### WORK INSTRUCTION
Without any of the pictures, set down the data below exactly.
===== DATA SHOWN =====
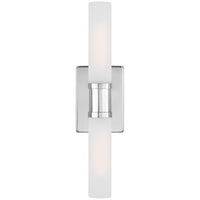 Sea Gull Lighting Keaton 2-Light Wall/Bath Sconce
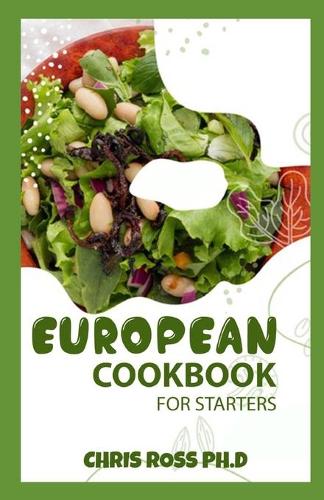 European Cookbook For Starters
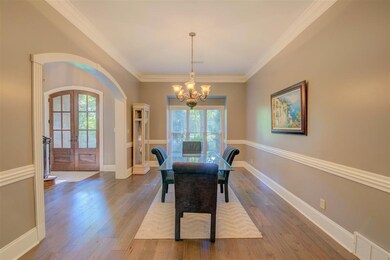 Host the finest dinner parties in the lovely dinin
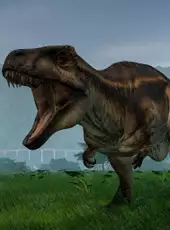 Jurassic World Evolution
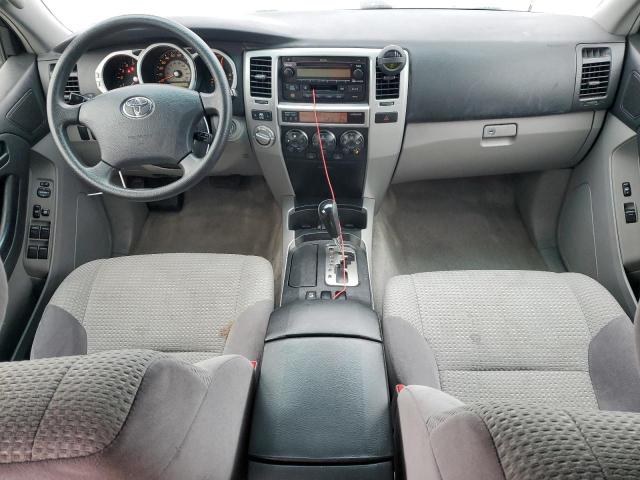 Photo 8 from auction – 2004 TOYOTA 4RUNNER SR with VIN JTEBU14R640048129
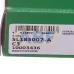 Цилиндрический роликовый подшипник SL185007-A-C3 INA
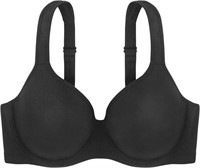 Full Cup Underwire T-Shirt Bra - M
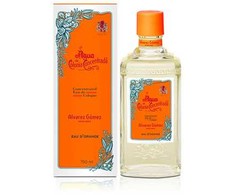 Alvarez Gomez Eau De Toilette Oranžinis Eau De Toilette Edc Purškiklis 750ml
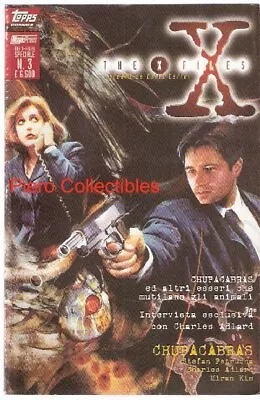 The X-Files Speciale N. 3 Magic Press • $4.24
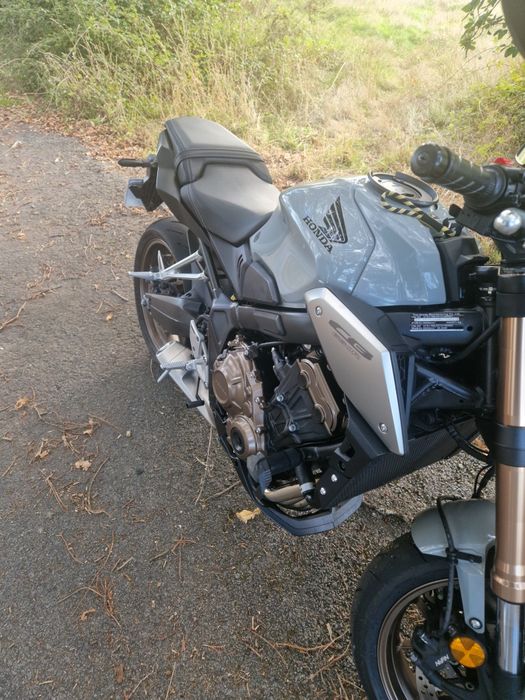 Honda CB650R NSC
=====
### SOLUTION BELOW
 Sea Gull Lighting Keaton 2-Light Wall/Bath Sconce
 European Cookbook For Starters
 Host the finest dinner parties in the lovely dinin
 Jurassic World Evolution
 Photo 8 from auction – 2004 TOYOTA 4RUNNER SR with VIN JTEBU14R640048129
 Цилиндрический роликовый подшипник SL185007-A-C3 INA
 Full Cup Underwire T-Shirt Bra - M
 Alvarez Gomez Eau De Toilette Oranžinis Eau De Toilette Edc Purškiklis 750ml
 The X-Files Speciale N. 3 Magic Press • $4.24
 Honda CB650R NSC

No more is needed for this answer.